Butoh-A-Go-Go at ROMP!
Avant-garde dancers perform In the Red
by Reanna Alder
Despite a less-than-half-capacity crowd at Metro Studio for their one-night-only performance of In The Red, Vancouver's Butoh-A-Go-Go received one of the loudest and longest rounds of applause in the three-day ROMP! Festival of Independent Dance.
The two dancers, Thomas Anfield and Kevin Bergsma, maintained a fierce, glacial intensity throughout the 55-minute performance. Wearing tattered red robes and sumo-style loincloths over a full coat of white body makeup, the performers' movements suggested a series of primal states, often dictated by changes in the soundscape. To the sound of water, they began shivering violently. Physically isolated from each other across the stage, eventually, almost accidentally, they moved as if they sought warmth and the relief of shared suffering. The sound then shifted to children playing. Back to back, they groped for each other's hands overhead with shy determination.

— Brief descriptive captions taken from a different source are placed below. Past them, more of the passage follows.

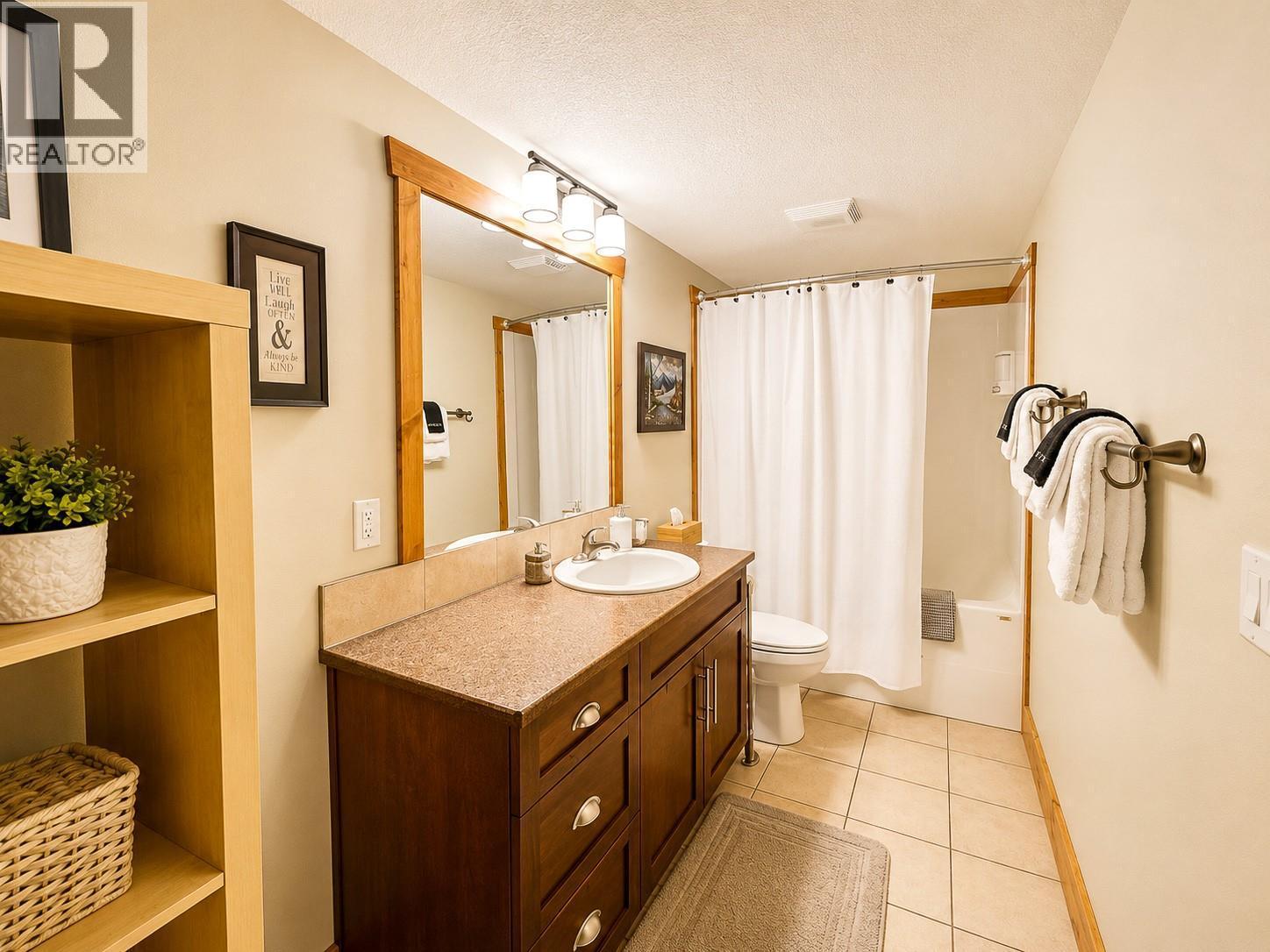 1741 8Th Avenue, Invermere, BC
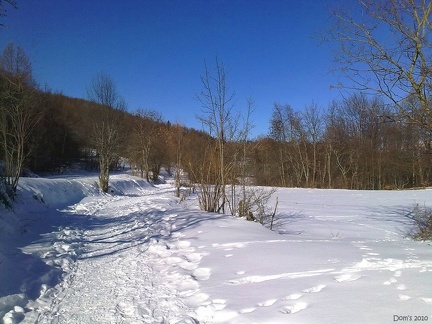 02 - Sentier sous la neige à St Jean Montclar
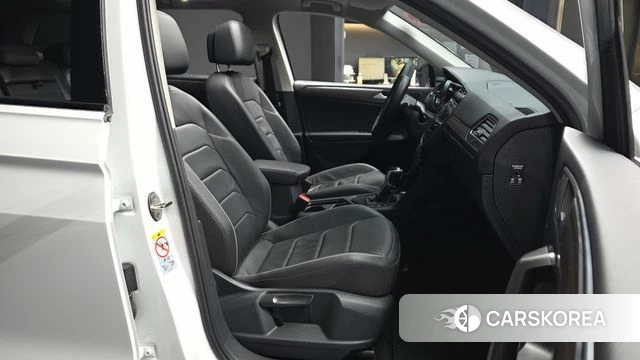 Volkswagen Tiguan Allspace 2022 Белый из Кореи, фото 2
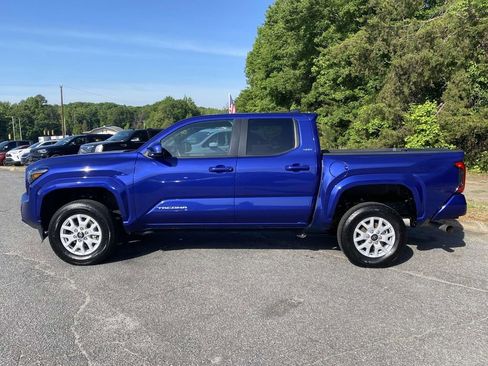 Used 2024 Toyota Tacoma SR5 RWD image 2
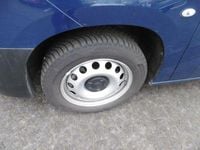 Gebraucht Opel Combo Basis 102 PS (75 kW) 2024 Blau Kombi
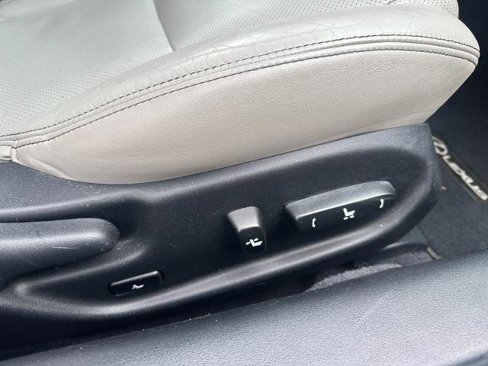 Used 2011 Lexus IS 350C image 19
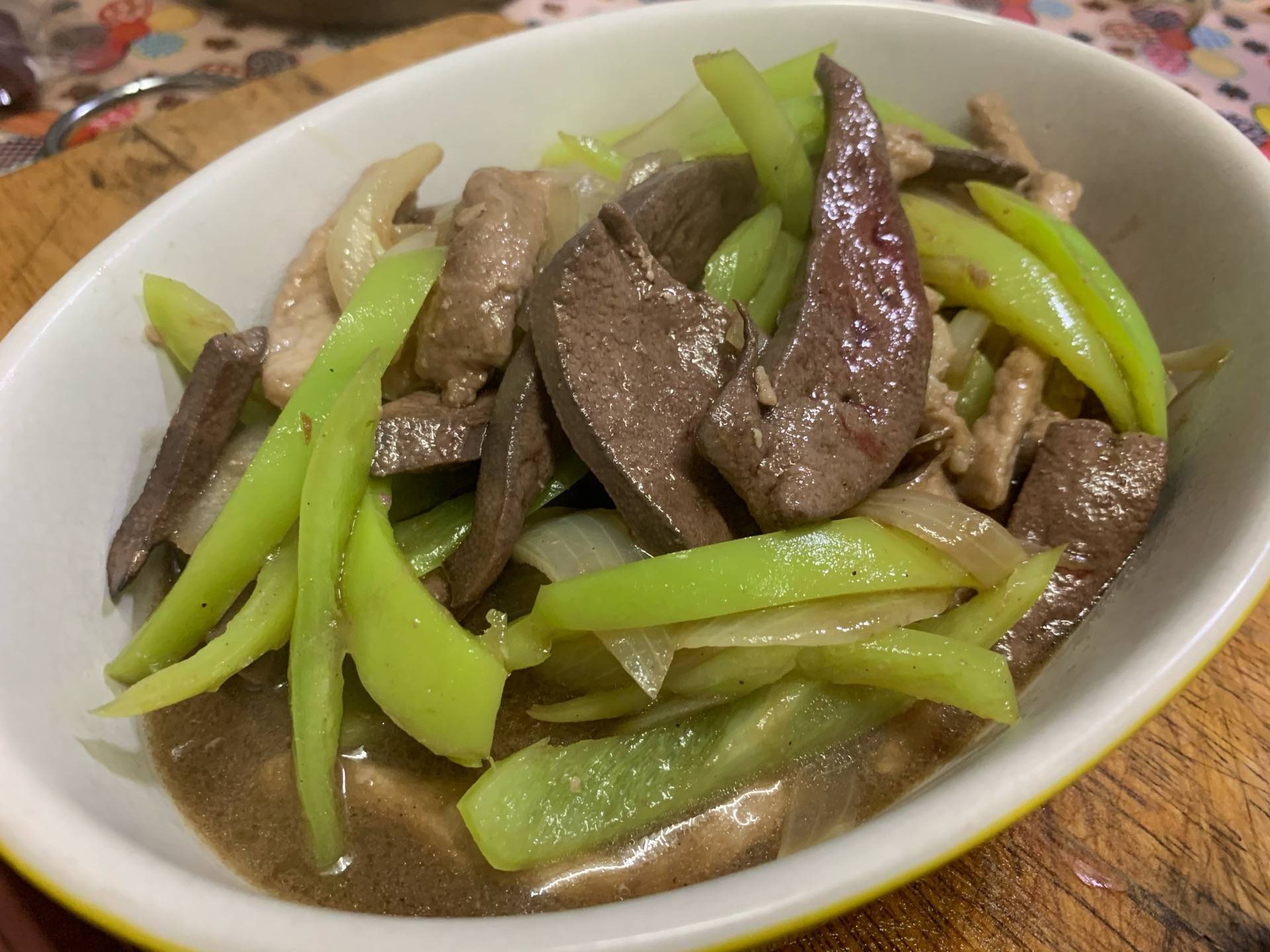 ผัดพริกสดไก่ใส่ตับ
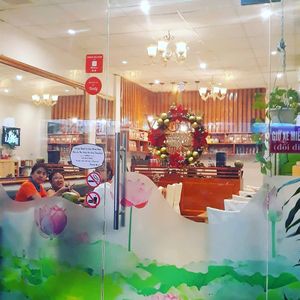 Ngoại cảnh at Ba Xa - Quan 1 in Ho Chi Minh City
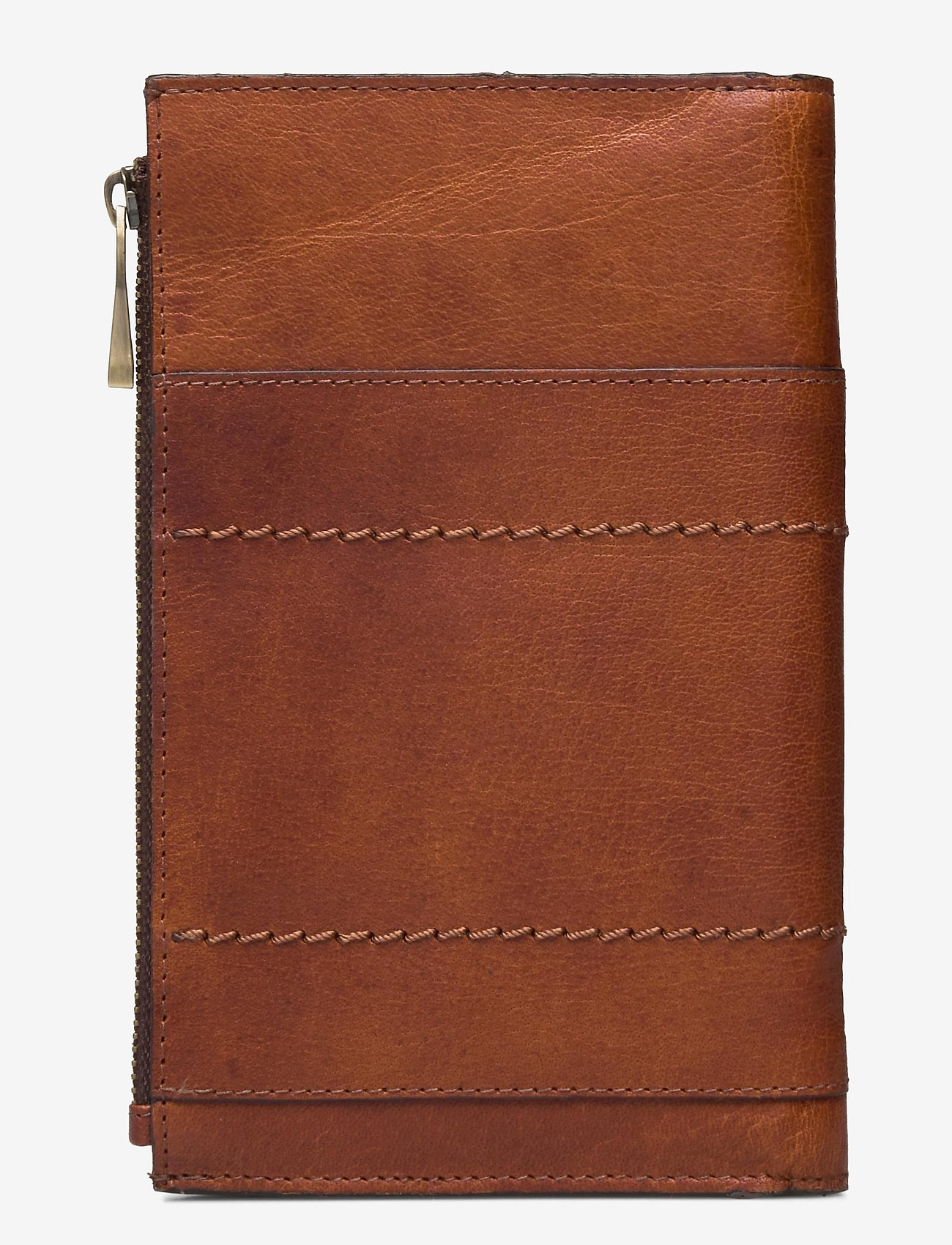 Saddler - Kyle - midbrown - 1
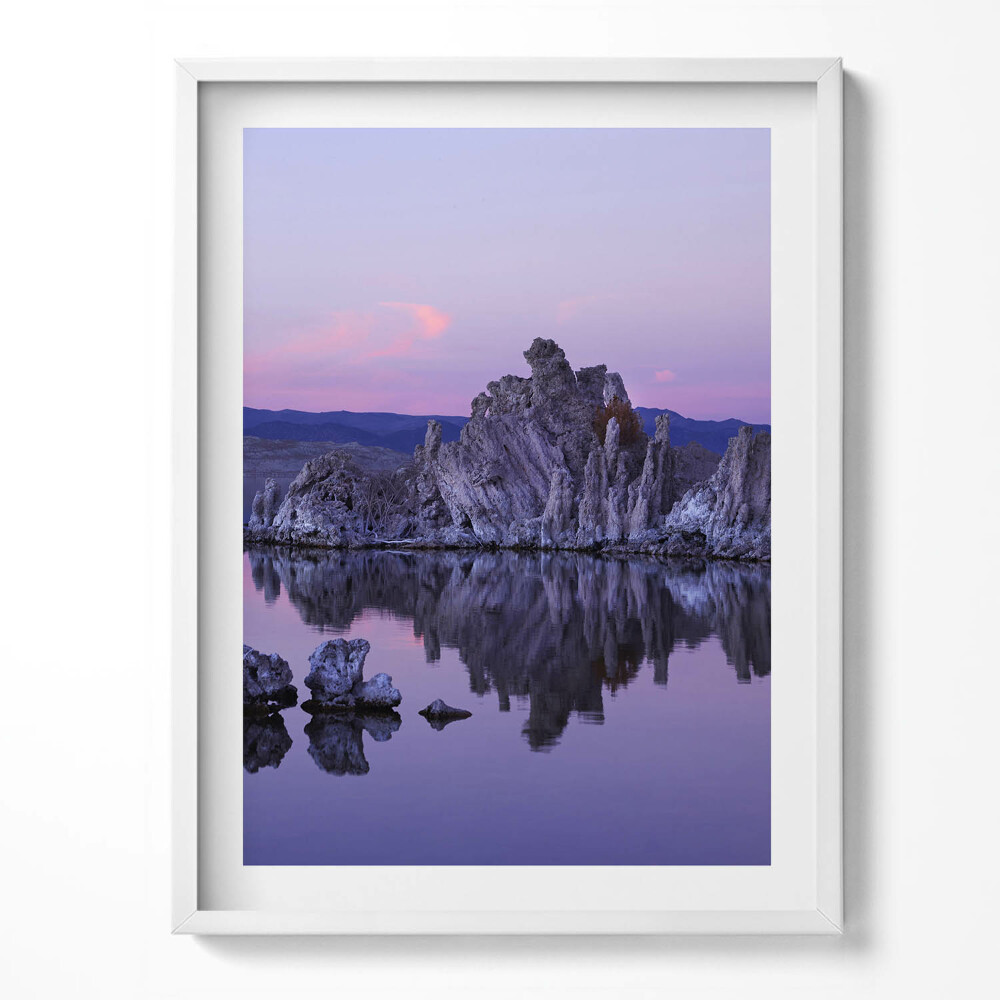 Keretezett kép Sziklák tükröződése a vízben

The dancers used their facial expressions as purposefully as their limbs, whether contorted into masks of agony, curiosity, vanity or demonic glee. The movements were supple, almost liquid. The creases of bellies and bums often peeked through tears in the robes.
Butoh is a contemporary Japanese avant-garde art form that emerged after the Second World War. Like Zen Buddhism, it is fascinated with suffering. It may be described as theatrical and meditative, playful and grotesque.
Whether evoking the preening male beauty of a Greek statuary, the prostrated, broken bodies of slaves, the movement of snails, or the frightening cheer of dashboard dolls, Anfield and Bergsma demonstrated the intimacy of performers who have developed absolute trust in their partnership.
At times, however, the dancers' behavioural shifts seemed too directly triggered by the music, as though they had become so engrossed that they missed a cue. And as is so often the case, the audience would have been left eager and wanting more if the show had been 10 minutes shorter.
In one sequence, the dancers made a slow, flailing, prostrated march across the stage. They left a wide trail of white body paint across the black floor, the prints of articulate feet, hands, heads and shoulders where they met the stage. This, and the sweat dripping from the performers' brows, was the only physical trace of Anfield and Bergsma's theatrical journey at the end of the evening.
In The Red was a performance of rare depth and integrity, though not to everyone's taste. It was perhaps a mistake to schedule it as the festival opener. Though other shows played to fuller crowds, after In the Red everything else looked too comfortable, too pretty. Nothing else measured up in terms of sheer commitment to each moment of dance.